Si bien no se dedicó a la comedia, y tampoco se convirtió en un ícono mundial del siglo XX, Favio fue, en cierto sentido, nuestro Chaplin: un cineasta tan popular como sofisticado. Su ópera prima, Crónica de un niño solo (1965), dedicada a su mentor cinematográfico, Leopoldo Torre Nilsson, demostraba plano tras plano que el cantante popular tenía una clara noción de puesta en escena, no muy lejos del refinamiento de un Robert Bresson.
Quien recuerde aquel pasaje secundario del filme en el que Polín (Diego Puente) observa una vidriera mientras camina en la noche por una de las calles de Buenos Aires podrá verificar la elegancia de un cineasta capaz de transmitir en pocos segundos el desamparo de su personaje. Nada que envidiar a los 400 golpes (1959) de Truffaut, igual que Favio comenzó con un filme en el que revivía sus experiencias de niñez. Escapar de un correccional, sentir la soledad del mundo en una edad impropia para semejante evidencia, no eran temas surgidos de un taller de guión; aquí Polín era Favio, como Antoine Doinel era Truffaut.
Si el padre de Favio lo abandonó en su infancia, Favio adoptó, no mucho tiempo después, a un gran padre simbólico: Juan Domingo Perón. El presidente argentino fue para él no sólo una figura política, el primer representante del pueblo que venía a legitimar el derecho de los que menos tenían, sino una figura paterna y mítica. Favio fue el cineasta peronista por excelencia, aunque el peronismo en sus películas no pasaba por un filtro partidario y menos aun por un reclutamiento sesgado orientado a una inmediata visita y afiliación en la unidad básica más cercana. No hace falta decirlo, pero su peronismo cinematográfico no hay que buscarlo en Perón, sinfonía de un sentimiento (1999), una obra extraña, kitsch, hiperbólica, sino en la sustancia de todas sus películas, donde la conciencia de clase era una evidencia.

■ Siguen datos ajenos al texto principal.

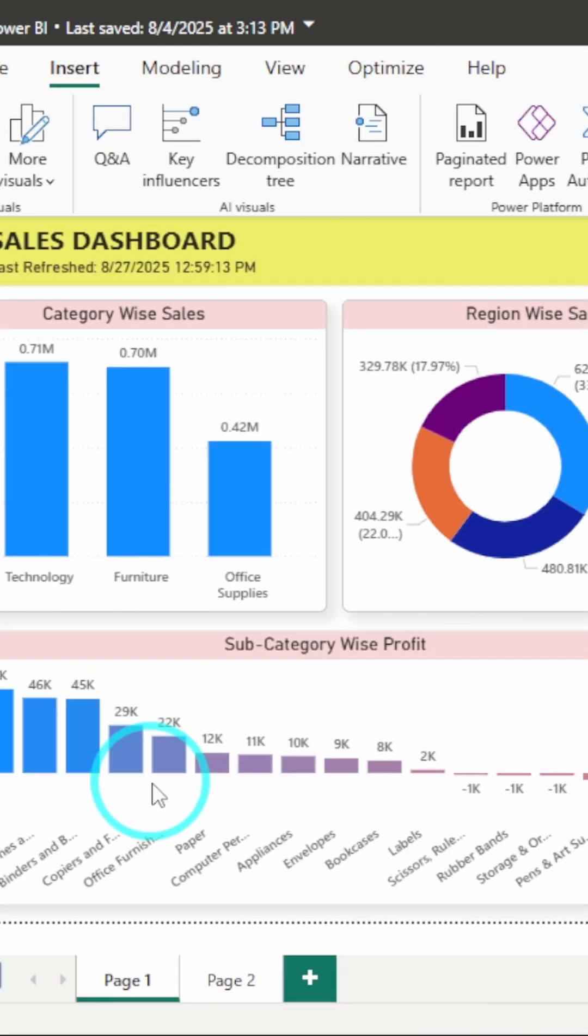It takes you to page 1. That's it! You just made an interactive dashboard with clickable image buttons in Power BI. Follow for more Power BI tricks.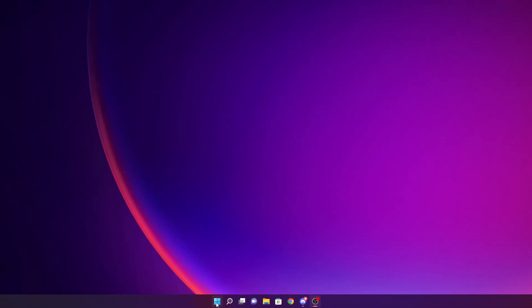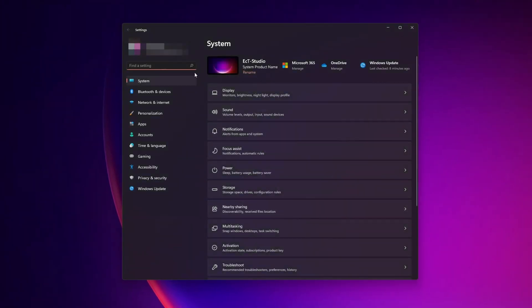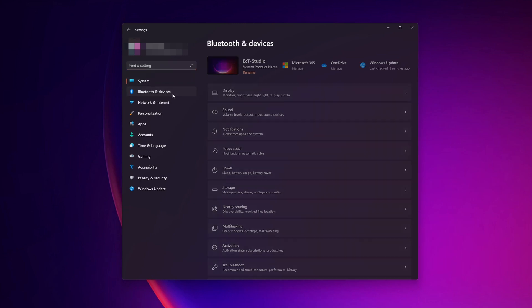For this, all you have to do is right click on the Start menu right here. Go into the settings. Once the settings are open, go to the left side to the tab where you see Bluetooth and devices. Click on there.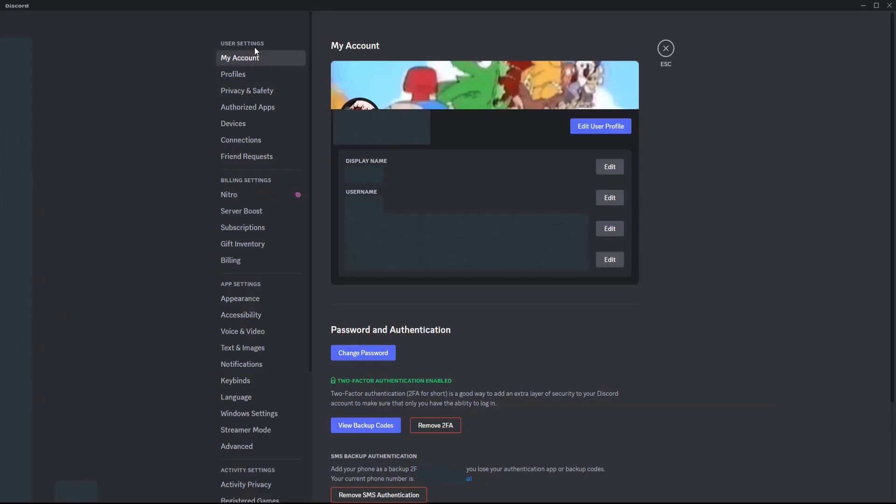That's going to take us over to our user settings page. Make sure you're clicked on the tab that says my account.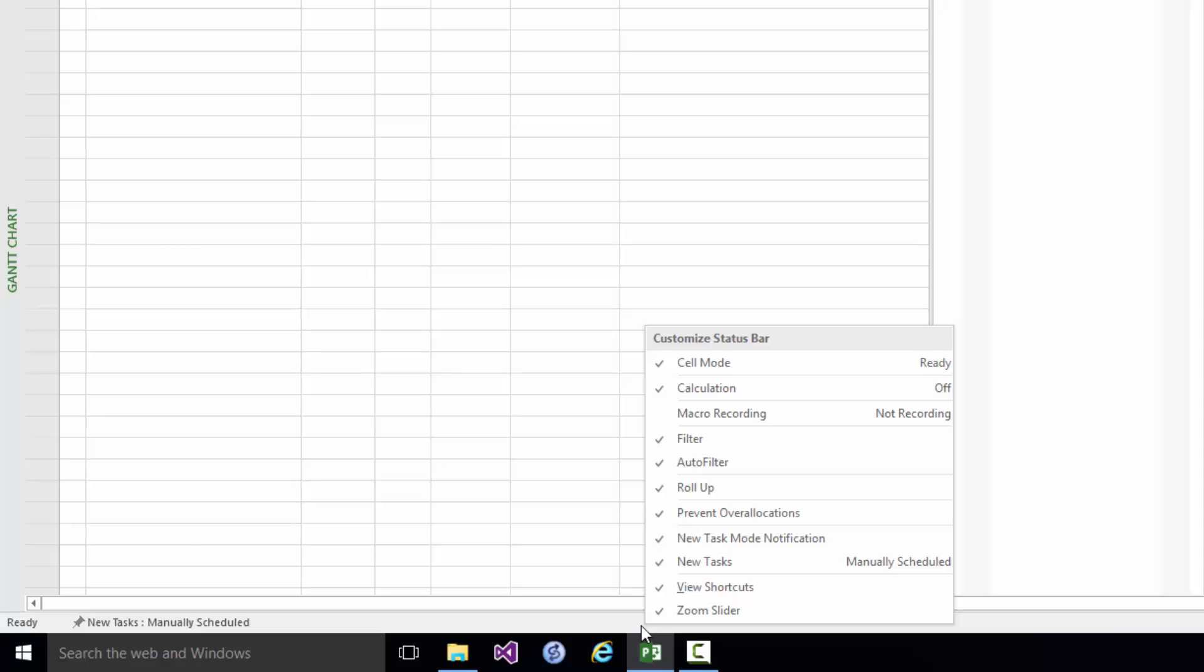Now you might be surprised to see quite so many ticks but actually not very much information on the status bar at all. And the reason for this is that apart from the bottom two entries, View Shortcuts and Zoom Slider, which are the things that are shown at the right hand end of the status bar, the things on the left correspond to optional pieces of information you can show but which very often don't show anything at all.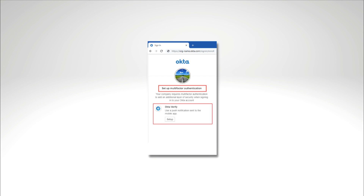Click Setup to confirm that you want to set up OktaVerify again. Select your device type and click Next. The OktaVerify enrollment QR code appears on the screen.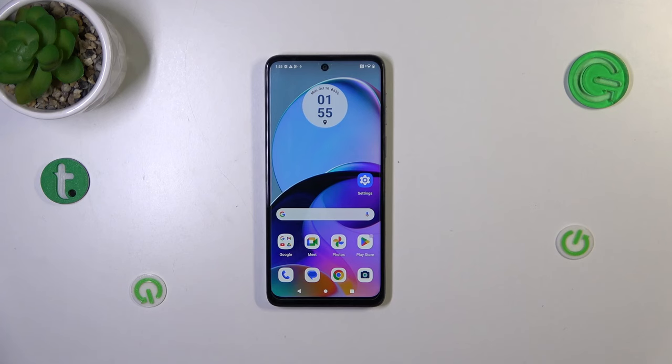Hi everyone. In front of me I've got the Motorola Moto G14, and let me share with you how to change the wallpaper on this device.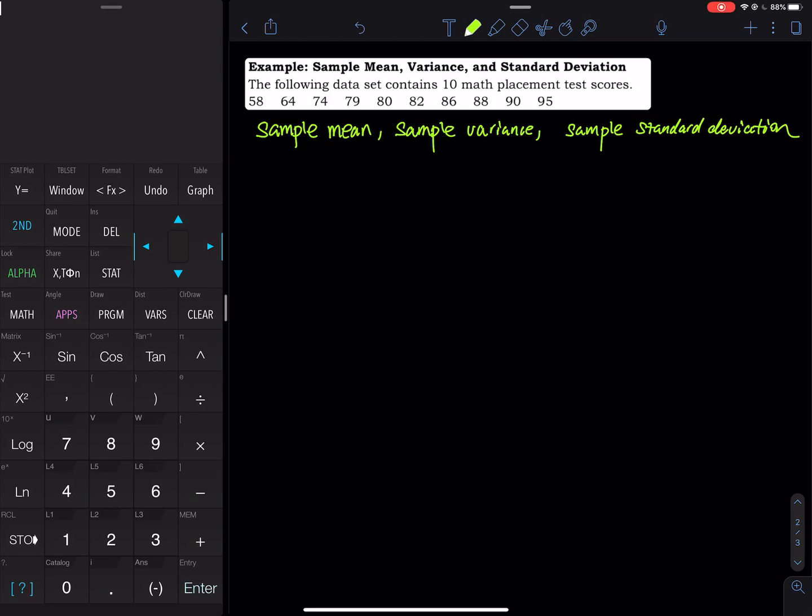In this video, I'm going to show you how to calculate the sample mean, variance, and standard deviation by hand showing all the work, and I will show you how to do this on a TI graphing calculator. So we have a set of data.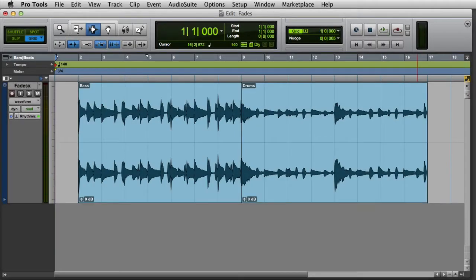In this video, we're going to look at working with fades in Pro Tools. We've talked about basic fade creation in previous videos, but this time we'll take a closer look at the fade settings that are available in the Fades dialog box.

Favio sintonizaba con la cultura popular de su tiempo y podía establecer incluso un puente político e histórico entre su presente y el siglo pasado: Juan Moreira (1973), protagonizada por un joven Rodolfo Bebán, basada en la novela homónima y decimonónica de Eduardo Gutiérrez, prefiguraba en ese gaucho marginal y “bárbaro” a todos aquellos que habían quedado relegados y olvidados en el gran relato de la Nación. Desde ese título en adelante, Favio dejaba el extraordinario blanco y negro de sus primeras películas, y con el paso al color se iniciaba un segundo período, el más popular de todos. Su película más vista, Nazareno Cruz y el lobo (1975) y Soñar, soñar (1976), que puede ser leída como una respuesta poética a la época sórdida y oscura que entonces arrancaba, son los filmes de ese período.
Favio no solía volver a ver sus películas, excepto algunas escenas. Pero le gustaban casi todas las escenas de El dependiente (1969), y es comprensible. Su tercera película es una obra maestra indiscutible. Su modernidad es soberana, y en este film que podría haber sido la envidia de un joven David Lynch, incluso aquí, la cuestión popular está en la esencia del relato: un asalariado espera por heredar la ferretería de su patrón.
Ha muerto Favio. Ha muerto una rara avis: un cineasta popular.
Este texto fue publicado por La voz del interior durante el mes de noviembre 2012.